**Captioned web images:**
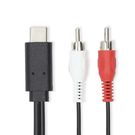 USB-C™ Adapter | USB 3.2 Gen 1 | USB-C™ Male | 2x RCA Male | 1.00 m | Round | Nickel Plated | PVC | Black | Label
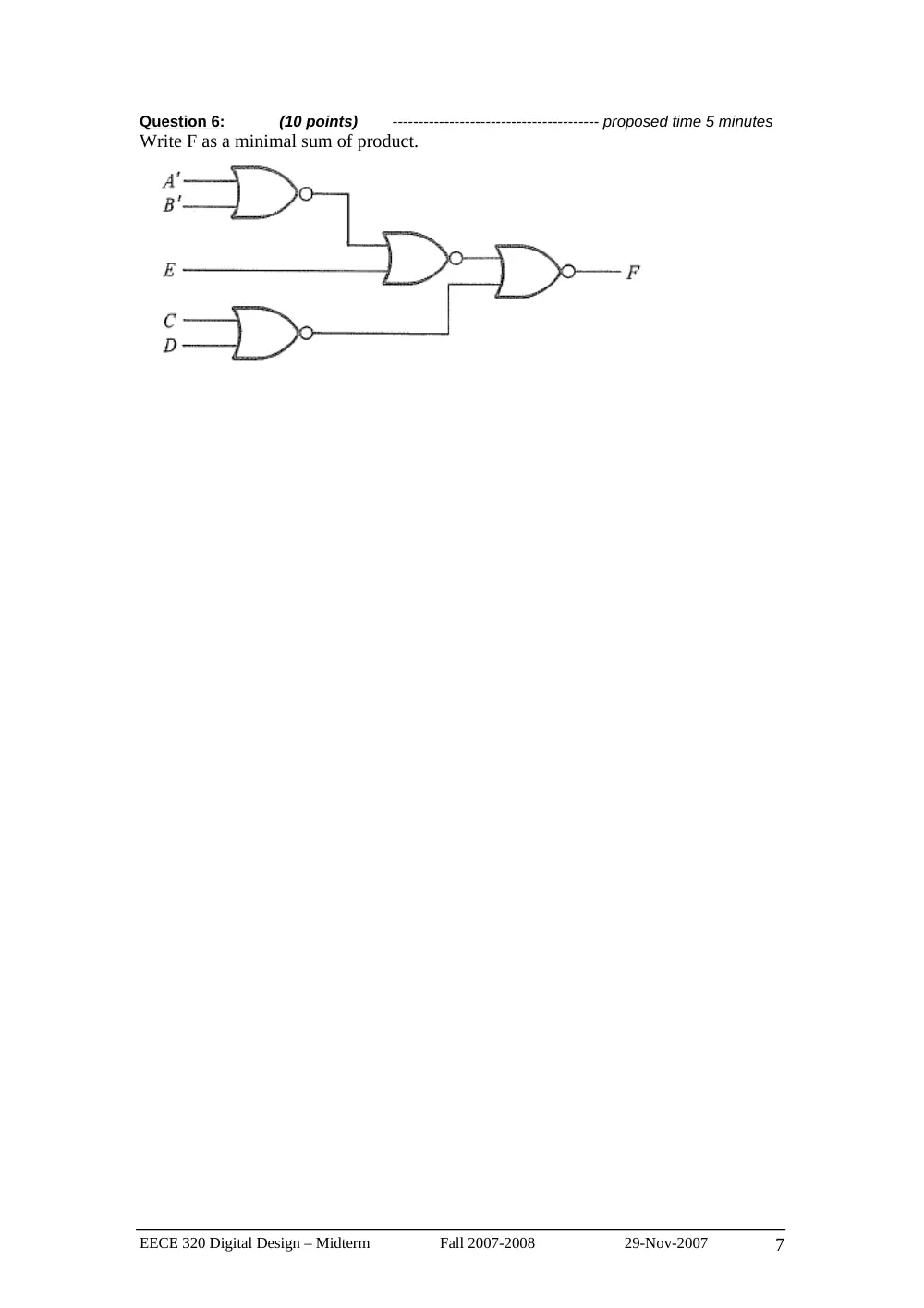 EECE 320 Midterm, Fall 2007, page 7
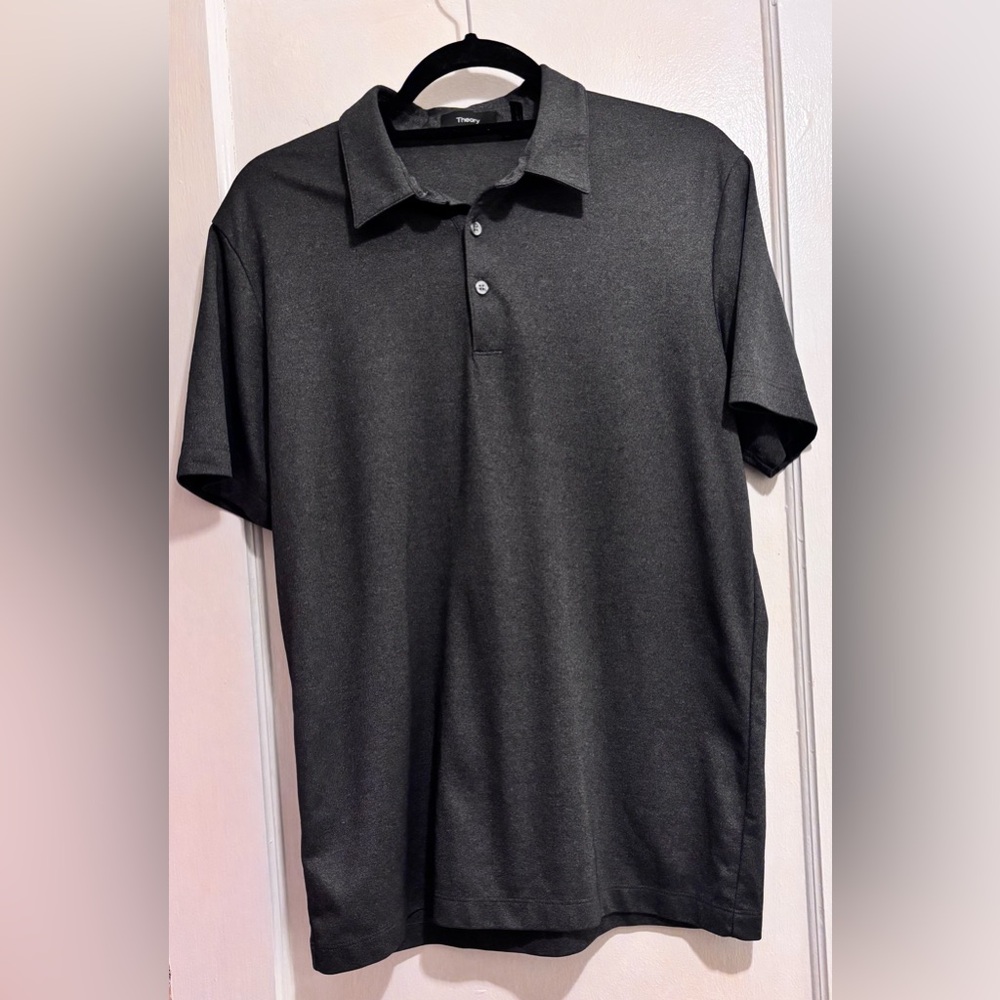 THEORY Men's Polo Shirt sz Medium Dark Gray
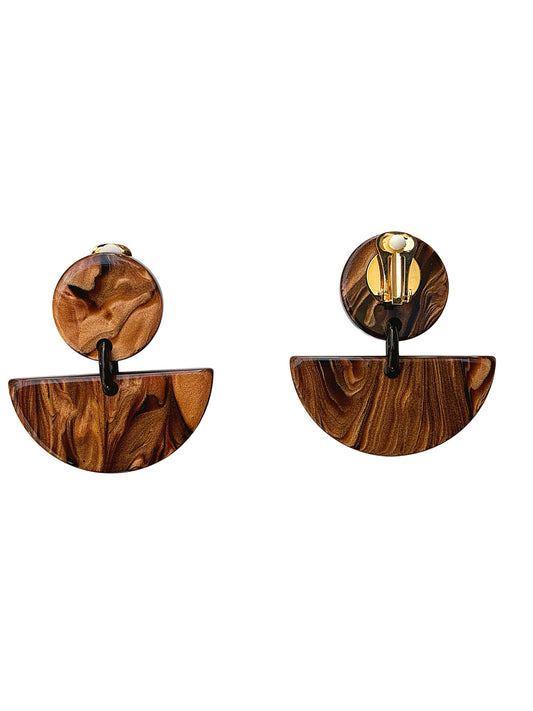 Pendientes de resina italiana terracota Milano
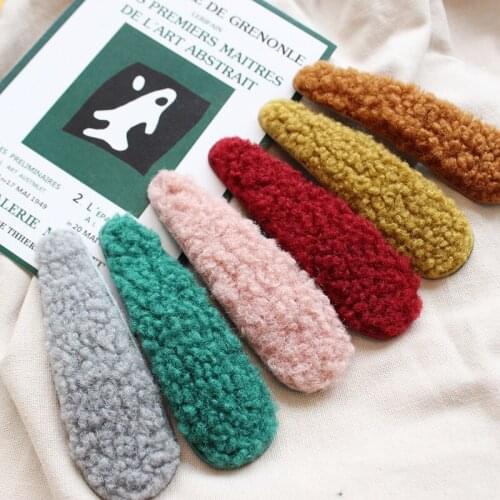 Korean Rainbow Winter Snap Hair Clips For Girls Women Hair Accessories BB Hairpins Fashion Metal Soft Fur Barrettes Wholesale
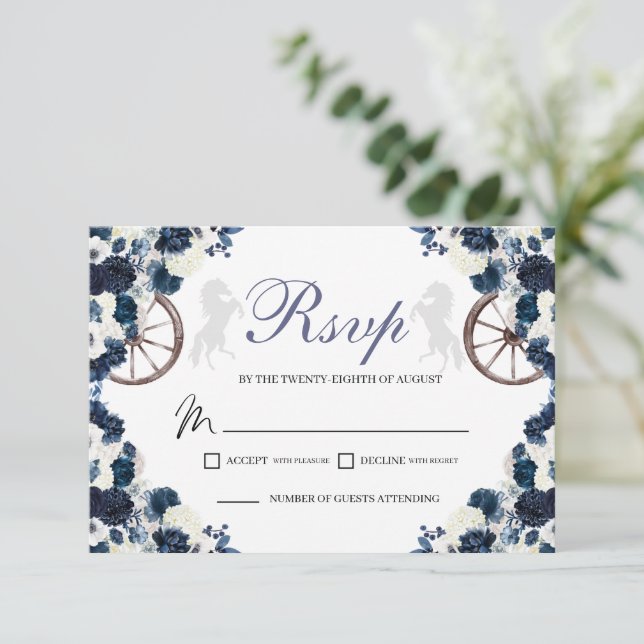 Navy Blue Western Quinceanera RSVP Card (Standing Front)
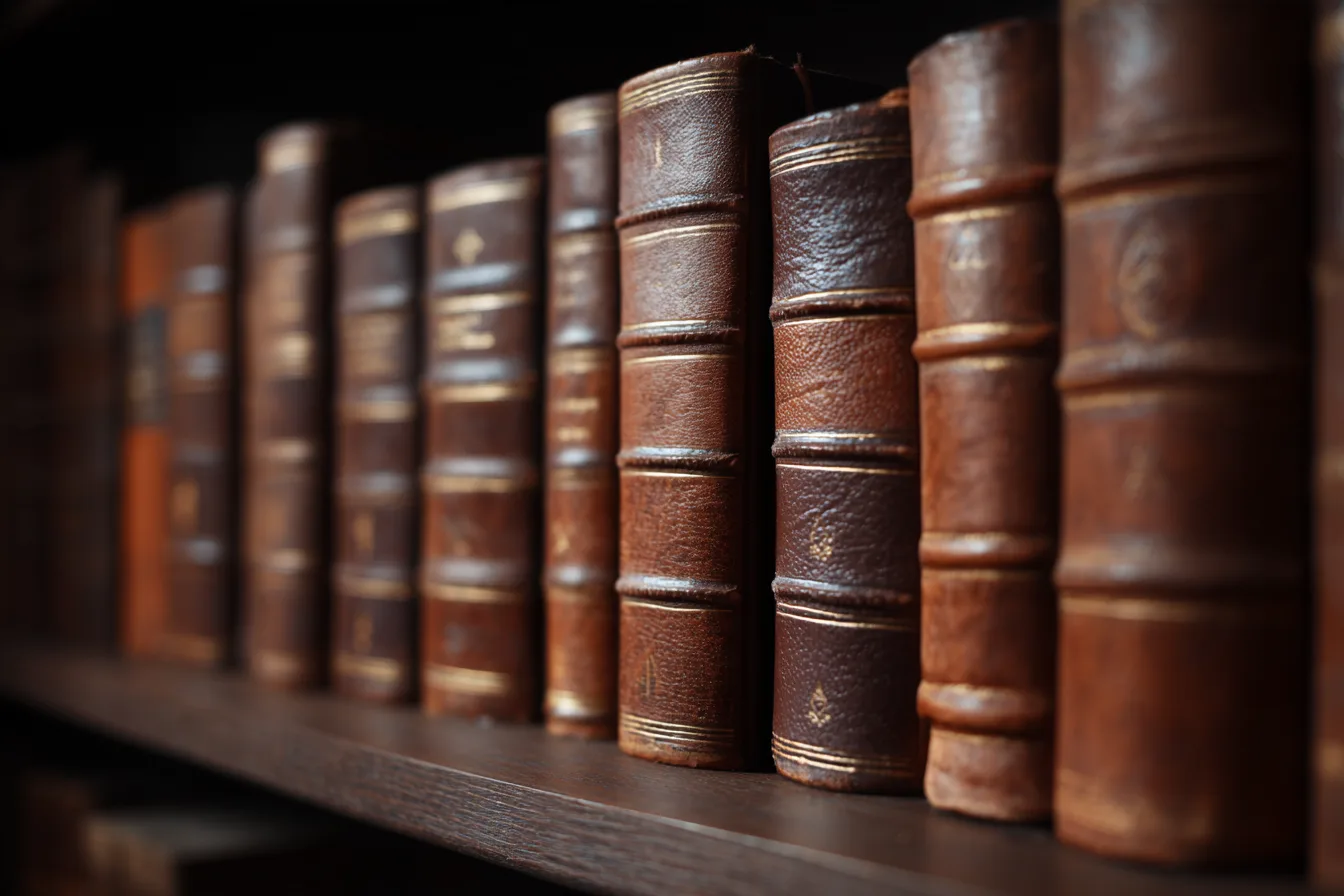 Rows of leather-bound books with blank spines on a dark wooden shelf in low, warm light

**Task goal:** Your copy should begin at the line containing "Korean Rainbow Winter" and end at the last line of the data above, matching each line exactly and holding no pictures.

**Solution for this problem:**
 Korean Rainbow Winter Snap Hair Clips For Girls Women Hair Accessories BB Hairpins Fashion Metal Soft Fur Barrettes Wholesale
 Navy Blue Western Quinceanera RSVP Card (Standing Front)
 Rows of leather-bound books with blank spines on a dark wooden shelf in low, warm light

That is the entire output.